No policies in human history have more deserved to be recognized as immoral. Or insane. The story of how this calamitous predicament came about and how and why it has persisted for half a century is a chronicle of human madness. Whether Americans, Russians, and other humans can rise to the challenge of reversing these policies and eliminating the danger of near-term extinction caused by their own inventions and proclivities remains to be seen. I choose to join with others in acting as if that is still possible.
— Daniel Ellsberg, The Doomsday Machine: Confessions of a Nuclear War Planner
“…at this moment, over [13,500] nuclear weapons are, with fine premeditation, aimed at specific targets. Some of those “targets” have millions of people in them. In the nosecones of missiles and in the bomb racks of aircraft the weapons wait– faithful, obedient servants awaiting orders…the machinery of mass murder still waits, purring and attentive. It is no exaggeration, no hyperbole to say that billions of people are at risk. It is a little early for complacency.”
— Carl Sagan, Richard Turco, A Path Where No Man Thought: Nuclear Winter and the End of the Arms Race
Policy
In his final address to the United Nations, John F. Kennedy told the world we must abolish nuclear weapons before they abolish us. Ronald Reagan said, “a nuclear war cannot be won and must never be fought”.

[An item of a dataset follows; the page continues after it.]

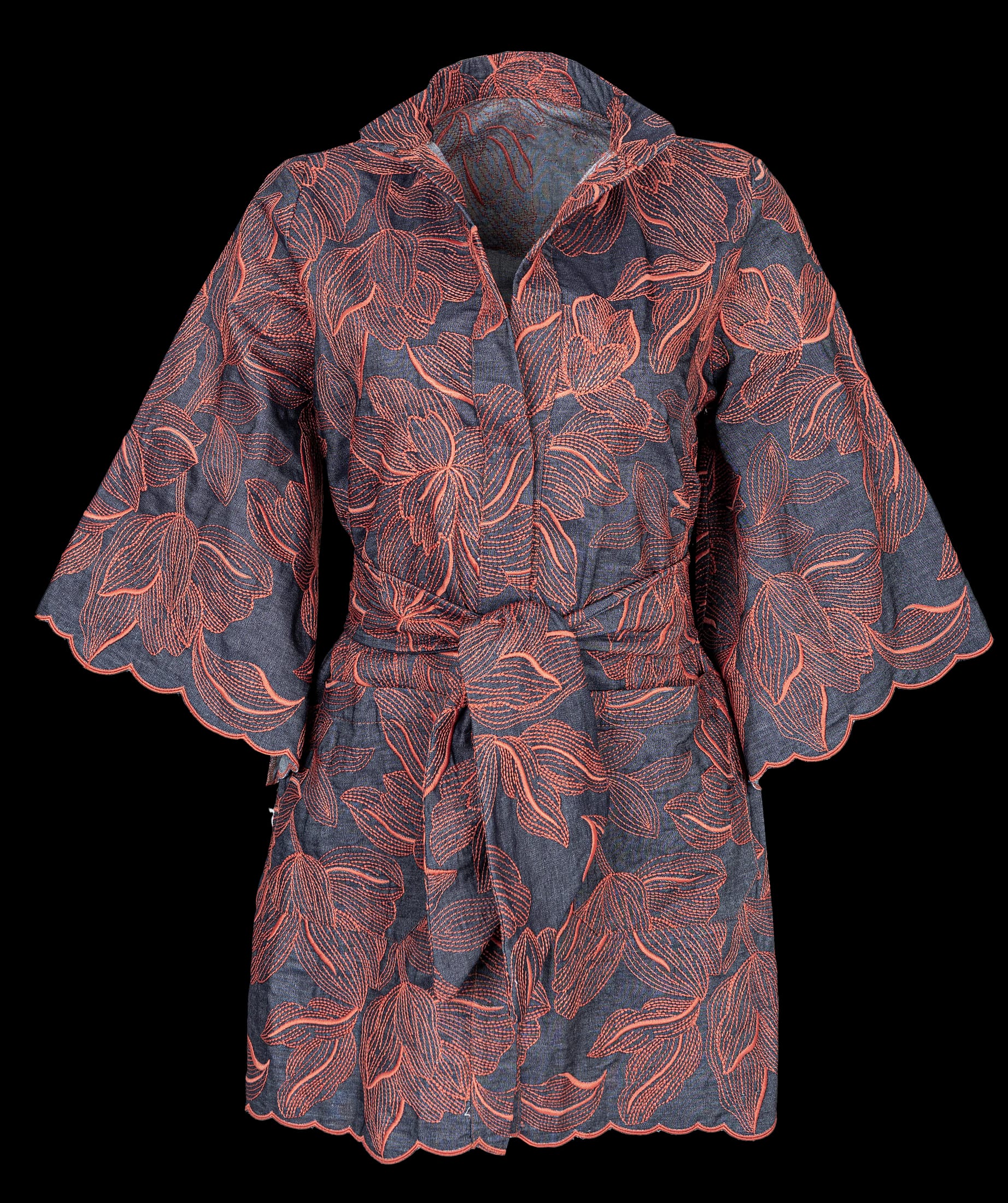VESTIDO LOTUS - imagen 2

And yet more recently, Republicans and Democrats have both failed to lead the world away from this clear and present danger. Despite telling a crowd in Prague that he would work for a world without nuclear weapons, Barack Obama presided over a trillion dollar nuclear weapon expansion. During the Trump presidency, the doomsday clock, established in 1947 to scientifically measure the threat of humanity ending (represented by midnight), came closer to midnight than ever before, largely because of the threat of nuclear war.

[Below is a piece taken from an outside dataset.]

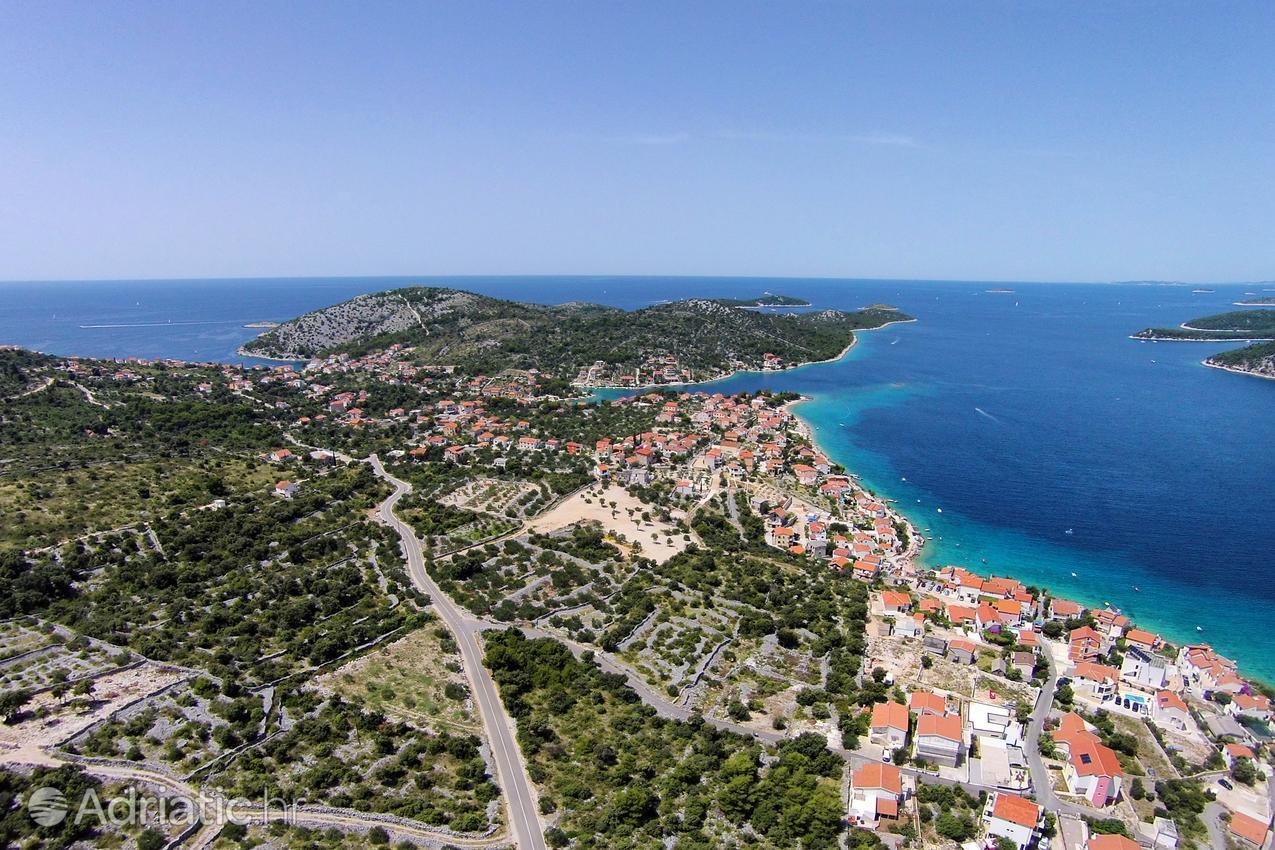 Vila Matej Ražanj Екстериор снимка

We have now reached a defining moment. According to global scientific consensus, we have left what has been 10,000 years of ecological stability, a stability that has enabled us to build human civilization. Our new reality will be ecological and economic volatility with massive, abrupt changes, including much greater scarcity of food and water. These changes do not necessarily foretell the end of humanity, but rather the end of how we have lived up to now. These changes also guarantee greater geo-political instability and greater probability of conflict and war, including terminal nuclear war.
And yet new opportunities now exist for reducing the threat of nuclear war which must be seized. In 2021, following in the footsteps of banning landmines and chemical weapons, the majority of nations signed a landmark UN Treaty that essentially makes possessing or producing nuclear weapons illegal. And yet the actual threat of nuclear war has not diminished because no nuclear-armed nation has yet agreed to sign and abide by the treaty.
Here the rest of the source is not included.